DUNNELLON – At a workshop on Wednesday night, Dunnellon City Council members inched closer to finalizing a deal to sell the city's water and sewer utilities to the Florida Governmental Utility Authority.
The discussion Wednesday followed a meeting last month with FGUA officials about the sale. A vote to officially enter into the agreement is scheduled for Monday.
“Now we wait for the loan to come through,” Vice Mayor Rick Hancock said after the meeting. He ran the workshop in the absence of the mayor.
City Administrator Dawn Bowne said the agreement has been discussed, checked, audited and reviewed and all the pieces are in place. It includes a City Council resolution that selling the utility assets is in the public's interest and an interlocal agreement between the city and the county and FGUA officials.
Bowne called the steps, discussions and hard work put into the document “quite an accomplishment” for the council. The longtime staff member said that until the sale is complete — which is expected in late March — the city does not plan to increase water and sewer rates.

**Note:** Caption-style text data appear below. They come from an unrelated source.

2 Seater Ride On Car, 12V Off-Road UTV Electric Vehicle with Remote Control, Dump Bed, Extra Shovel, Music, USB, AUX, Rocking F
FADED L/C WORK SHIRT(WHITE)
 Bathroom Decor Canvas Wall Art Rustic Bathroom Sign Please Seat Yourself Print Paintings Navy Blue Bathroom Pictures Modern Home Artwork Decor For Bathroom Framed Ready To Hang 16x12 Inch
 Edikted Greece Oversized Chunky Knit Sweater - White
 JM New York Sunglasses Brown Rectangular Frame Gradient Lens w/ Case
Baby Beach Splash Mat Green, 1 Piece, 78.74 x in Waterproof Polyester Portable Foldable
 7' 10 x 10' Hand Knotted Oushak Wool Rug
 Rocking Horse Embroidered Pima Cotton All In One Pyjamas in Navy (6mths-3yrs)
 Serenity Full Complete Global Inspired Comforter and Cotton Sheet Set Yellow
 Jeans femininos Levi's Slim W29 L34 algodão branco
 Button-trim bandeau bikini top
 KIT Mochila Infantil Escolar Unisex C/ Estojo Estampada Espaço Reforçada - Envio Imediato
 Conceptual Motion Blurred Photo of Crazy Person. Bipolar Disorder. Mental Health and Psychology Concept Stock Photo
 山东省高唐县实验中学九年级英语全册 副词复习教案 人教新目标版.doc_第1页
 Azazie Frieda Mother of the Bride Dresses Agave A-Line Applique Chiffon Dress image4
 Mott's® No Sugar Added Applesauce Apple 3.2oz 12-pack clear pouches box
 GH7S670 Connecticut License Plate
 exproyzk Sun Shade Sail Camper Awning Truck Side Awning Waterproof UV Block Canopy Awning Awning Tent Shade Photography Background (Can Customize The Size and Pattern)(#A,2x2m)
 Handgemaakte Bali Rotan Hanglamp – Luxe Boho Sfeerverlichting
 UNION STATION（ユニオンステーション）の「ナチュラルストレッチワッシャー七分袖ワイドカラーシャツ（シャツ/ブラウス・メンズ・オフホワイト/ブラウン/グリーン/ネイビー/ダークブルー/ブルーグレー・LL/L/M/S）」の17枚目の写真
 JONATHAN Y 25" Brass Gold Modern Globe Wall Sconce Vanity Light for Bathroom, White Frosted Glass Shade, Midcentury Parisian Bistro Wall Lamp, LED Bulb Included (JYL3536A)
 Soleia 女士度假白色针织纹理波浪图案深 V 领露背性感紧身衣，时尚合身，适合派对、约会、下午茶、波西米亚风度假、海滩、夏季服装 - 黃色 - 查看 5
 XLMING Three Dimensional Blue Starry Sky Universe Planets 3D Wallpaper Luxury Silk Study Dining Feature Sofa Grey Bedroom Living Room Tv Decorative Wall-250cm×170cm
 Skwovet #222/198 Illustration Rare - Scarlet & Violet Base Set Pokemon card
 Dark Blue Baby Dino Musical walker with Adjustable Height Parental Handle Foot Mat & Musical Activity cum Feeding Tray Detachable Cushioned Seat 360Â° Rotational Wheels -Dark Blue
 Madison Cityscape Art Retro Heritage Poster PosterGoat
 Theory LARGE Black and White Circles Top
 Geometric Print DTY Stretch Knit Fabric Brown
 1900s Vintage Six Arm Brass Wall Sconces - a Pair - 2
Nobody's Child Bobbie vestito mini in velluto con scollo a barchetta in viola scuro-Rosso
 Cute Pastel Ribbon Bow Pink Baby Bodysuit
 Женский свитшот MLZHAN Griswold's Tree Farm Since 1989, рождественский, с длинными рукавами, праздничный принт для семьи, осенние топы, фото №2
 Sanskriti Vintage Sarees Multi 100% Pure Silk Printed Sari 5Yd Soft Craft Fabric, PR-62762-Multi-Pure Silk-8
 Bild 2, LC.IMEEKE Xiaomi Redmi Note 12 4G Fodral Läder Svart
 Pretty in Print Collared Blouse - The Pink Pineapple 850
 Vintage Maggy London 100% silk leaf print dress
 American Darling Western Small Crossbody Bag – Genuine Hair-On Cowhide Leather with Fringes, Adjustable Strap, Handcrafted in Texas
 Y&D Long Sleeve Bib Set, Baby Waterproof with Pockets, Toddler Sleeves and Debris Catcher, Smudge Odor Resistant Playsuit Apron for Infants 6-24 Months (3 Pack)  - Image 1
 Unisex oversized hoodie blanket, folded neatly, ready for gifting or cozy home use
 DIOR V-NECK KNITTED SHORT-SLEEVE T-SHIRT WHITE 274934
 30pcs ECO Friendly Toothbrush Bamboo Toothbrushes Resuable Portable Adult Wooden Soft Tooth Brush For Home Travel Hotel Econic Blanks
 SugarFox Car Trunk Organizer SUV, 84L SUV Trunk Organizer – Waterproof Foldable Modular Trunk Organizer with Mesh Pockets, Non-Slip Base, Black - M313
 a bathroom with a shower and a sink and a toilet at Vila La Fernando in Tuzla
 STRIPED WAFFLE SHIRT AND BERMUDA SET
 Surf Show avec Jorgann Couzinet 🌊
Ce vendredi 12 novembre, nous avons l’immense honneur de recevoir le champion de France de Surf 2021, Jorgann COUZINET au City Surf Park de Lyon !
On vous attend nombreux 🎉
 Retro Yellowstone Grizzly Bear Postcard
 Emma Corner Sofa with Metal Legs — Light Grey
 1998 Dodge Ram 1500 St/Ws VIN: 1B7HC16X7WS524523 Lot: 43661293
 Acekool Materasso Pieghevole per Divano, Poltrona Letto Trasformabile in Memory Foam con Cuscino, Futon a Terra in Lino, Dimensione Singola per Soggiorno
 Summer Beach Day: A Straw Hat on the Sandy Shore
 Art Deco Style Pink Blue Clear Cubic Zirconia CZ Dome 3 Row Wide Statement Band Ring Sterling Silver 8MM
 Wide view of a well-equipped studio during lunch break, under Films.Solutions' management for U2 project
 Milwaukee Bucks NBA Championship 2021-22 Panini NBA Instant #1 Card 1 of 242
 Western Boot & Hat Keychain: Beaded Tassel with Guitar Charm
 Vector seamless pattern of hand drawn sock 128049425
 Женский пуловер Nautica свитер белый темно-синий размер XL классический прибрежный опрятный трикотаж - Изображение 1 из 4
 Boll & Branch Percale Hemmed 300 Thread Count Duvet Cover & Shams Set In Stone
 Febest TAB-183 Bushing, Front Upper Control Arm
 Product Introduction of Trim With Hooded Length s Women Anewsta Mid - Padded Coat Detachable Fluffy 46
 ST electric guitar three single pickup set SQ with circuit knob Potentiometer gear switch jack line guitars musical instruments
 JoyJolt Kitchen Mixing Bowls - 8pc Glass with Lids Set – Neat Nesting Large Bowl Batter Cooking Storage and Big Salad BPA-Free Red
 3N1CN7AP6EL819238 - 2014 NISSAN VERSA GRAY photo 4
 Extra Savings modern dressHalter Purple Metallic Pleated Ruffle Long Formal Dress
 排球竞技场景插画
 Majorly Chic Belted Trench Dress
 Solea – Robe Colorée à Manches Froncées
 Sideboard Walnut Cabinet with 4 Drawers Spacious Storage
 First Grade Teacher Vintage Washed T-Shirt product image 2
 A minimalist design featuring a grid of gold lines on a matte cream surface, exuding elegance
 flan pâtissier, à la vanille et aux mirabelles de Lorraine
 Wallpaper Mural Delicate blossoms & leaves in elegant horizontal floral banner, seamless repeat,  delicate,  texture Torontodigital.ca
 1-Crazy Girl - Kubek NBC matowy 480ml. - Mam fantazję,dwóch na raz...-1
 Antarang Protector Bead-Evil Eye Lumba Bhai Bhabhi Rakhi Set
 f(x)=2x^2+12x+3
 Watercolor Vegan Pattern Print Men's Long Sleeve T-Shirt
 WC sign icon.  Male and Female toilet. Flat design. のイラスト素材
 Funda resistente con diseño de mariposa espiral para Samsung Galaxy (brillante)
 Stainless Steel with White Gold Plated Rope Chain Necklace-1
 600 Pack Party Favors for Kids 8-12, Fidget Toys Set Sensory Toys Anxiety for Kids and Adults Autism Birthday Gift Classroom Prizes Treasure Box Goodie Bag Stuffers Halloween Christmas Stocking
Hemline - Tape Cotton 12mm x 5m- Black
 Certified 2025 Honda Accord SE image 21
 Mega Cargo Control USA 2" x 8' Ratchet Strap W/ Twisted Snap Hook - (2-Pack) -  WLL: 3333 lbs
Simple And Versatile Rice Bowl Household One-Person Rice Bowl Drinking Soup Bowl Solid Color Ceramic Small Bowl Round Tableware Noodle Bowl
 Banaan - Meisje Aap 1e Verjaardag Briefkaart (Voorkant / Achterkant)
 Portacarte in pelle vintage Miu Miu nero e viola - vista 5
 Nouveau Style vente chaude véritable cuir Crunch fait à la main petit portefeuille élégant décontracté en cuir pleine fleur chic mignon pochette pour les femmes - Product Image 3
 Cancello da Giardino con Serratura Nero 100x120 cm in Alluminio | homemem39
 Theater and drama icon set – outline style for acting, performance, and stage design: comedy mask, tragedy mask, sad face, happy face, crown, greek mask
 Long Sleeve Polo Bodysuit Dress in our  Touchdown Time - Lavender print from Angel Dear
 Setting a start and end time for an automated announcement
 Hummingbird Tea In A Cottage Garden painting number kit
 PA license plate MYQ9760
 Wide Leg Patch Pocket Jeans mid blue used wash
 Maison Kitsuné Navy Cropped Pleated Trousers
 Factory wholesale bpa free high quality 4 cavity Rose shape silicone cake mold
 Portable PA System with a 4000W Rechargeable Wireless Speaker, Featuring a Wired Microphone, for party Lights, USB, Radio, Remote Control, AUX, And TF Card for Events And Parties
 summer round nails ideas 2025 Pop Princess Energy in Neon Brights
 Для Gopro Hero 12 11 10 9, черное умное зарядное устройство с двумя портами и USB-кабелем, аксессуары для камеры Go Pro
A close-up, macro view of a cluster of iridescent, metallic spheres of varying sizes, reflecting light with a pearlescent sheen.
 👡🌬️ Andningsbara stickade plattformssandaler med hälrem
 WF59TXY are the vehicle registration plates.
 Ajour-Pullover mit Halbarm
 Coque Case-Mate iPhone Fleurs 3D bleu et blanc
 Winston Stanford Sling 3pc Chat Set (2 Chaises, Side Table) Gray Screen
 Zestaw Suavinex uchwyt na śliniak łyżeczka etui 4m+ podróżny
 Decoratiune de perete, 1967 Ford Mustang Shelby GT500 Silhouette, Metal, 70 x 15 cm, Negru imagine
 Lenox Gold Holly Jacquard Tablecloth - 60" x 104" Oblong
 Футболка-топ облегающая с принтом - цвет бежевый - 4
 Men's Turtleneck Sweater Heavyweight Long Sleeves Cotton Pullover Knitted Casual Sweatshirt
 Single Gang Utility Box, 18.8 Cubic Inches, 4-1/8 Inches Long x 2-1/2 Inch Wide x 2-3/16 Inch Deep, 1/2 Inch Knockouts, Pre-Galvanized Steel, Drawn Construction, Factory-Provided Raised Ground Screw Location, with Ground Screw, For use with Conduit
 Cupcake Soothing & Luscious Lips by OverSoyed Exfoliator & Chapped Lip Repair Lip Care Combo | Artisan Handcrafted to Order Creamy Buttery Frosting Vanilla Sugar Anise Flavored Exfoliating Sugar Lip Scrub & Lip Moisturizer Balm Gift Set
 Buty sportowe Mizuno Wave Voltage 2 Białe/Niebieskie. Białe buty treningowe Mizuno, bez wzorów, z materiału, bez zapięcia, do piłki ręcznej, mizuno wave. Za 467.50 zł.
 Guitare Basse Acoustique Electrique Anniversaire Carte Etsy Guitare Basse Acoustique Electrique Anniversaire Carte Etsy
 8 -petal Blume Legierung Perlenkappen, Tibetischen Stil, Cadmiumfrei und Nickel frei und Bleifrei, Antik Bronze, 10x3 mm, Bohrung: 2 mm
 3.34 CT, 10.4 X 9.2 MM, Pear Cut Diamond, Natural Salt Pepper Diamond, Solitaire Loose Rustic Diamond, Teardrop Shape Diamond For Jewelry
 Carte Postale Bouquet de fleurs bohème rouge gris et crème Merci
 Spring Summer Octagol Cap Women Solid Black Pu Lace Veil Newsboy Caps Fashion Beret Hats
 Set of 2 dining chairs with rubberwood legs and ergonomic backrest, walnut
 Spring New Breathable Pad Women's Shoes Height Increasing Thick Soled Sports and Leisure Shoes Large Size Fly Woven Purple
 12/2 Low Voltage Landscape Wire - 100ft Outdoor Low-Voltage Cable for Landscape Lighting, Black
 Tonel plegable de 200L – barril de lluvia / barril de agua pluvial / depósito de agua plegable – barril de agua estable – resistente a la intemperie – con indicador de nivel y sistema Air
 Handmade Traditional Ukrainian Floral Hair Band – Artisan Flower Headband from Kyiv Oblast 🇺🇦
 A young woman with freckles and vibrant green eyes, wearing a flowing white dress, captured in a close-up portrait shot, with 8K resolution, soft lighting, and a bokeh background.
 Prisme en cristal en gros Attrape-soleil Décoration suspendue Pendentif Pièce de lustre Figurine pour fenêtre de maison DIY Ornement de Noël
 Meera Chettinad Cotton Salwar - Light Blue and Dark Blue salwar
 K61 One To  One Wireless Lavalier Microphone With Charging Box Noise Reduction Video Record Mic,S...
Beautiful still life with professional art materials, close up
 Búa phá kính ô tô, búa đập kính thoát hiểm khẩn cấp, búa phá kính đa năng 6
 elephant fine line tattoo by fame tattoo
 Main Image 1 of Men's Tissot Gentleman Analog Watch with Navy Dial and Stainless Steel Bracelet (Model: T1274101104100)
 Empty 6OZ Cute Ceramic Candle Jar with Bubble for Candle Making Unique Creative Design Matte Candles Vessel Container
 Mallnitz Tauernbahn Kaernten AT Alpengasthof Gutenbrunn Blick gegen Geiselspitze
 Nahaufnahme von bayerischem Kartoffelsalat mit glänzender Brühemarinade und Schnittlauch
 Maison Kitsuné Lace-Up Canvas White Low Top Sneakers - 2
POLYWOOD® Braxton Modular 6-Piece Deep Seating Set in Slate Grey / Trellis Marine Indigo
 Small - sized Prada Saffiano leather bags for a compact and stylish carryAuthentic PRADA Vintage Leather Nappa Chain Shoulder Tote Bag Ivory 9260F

City officials reached out to FGUA officials in September 2016. The city has been supplying residents with water and sewer services since the early 1900s and has more than 1,100 customers.
FGUA, a governmental body established nearly two decades ago, has acquired, owns, operates and maintains water and sewer utilities throughout Florida. It looked into the Dunnellon situation and decided to accept the city’s proposal.
Dunnellon officials feel they had to make the move to eliminate debt. It’s one of the latest such moves by city officials, as on Oct. 1 they turned the fire department over to the county.
FGUA will apply for a $12.1 million loan from the U.S. Department of Agriculture to pay for the city’s water and sewer utilities.
Dunnellon will use $10.8 million of the money to pay off the city’s debts. The balance will then be put in the city’s reserves.
At the November meeting with FGUA officials, FGUA officials said they plan to invest $9.4 million over five years for improvements.
In other news from the workshop, council members decided to accept a request for the reappointment of Virginia Saalman and Jay Easom to the Pension Board of Trustees for two year terms.
Also, Police Chief Mike McQuaig is in the process of filling out the necessary paperwork for the Dunnellon Police Department to become an accredited law enforcement agency. McQuaig said the process should take two or three years.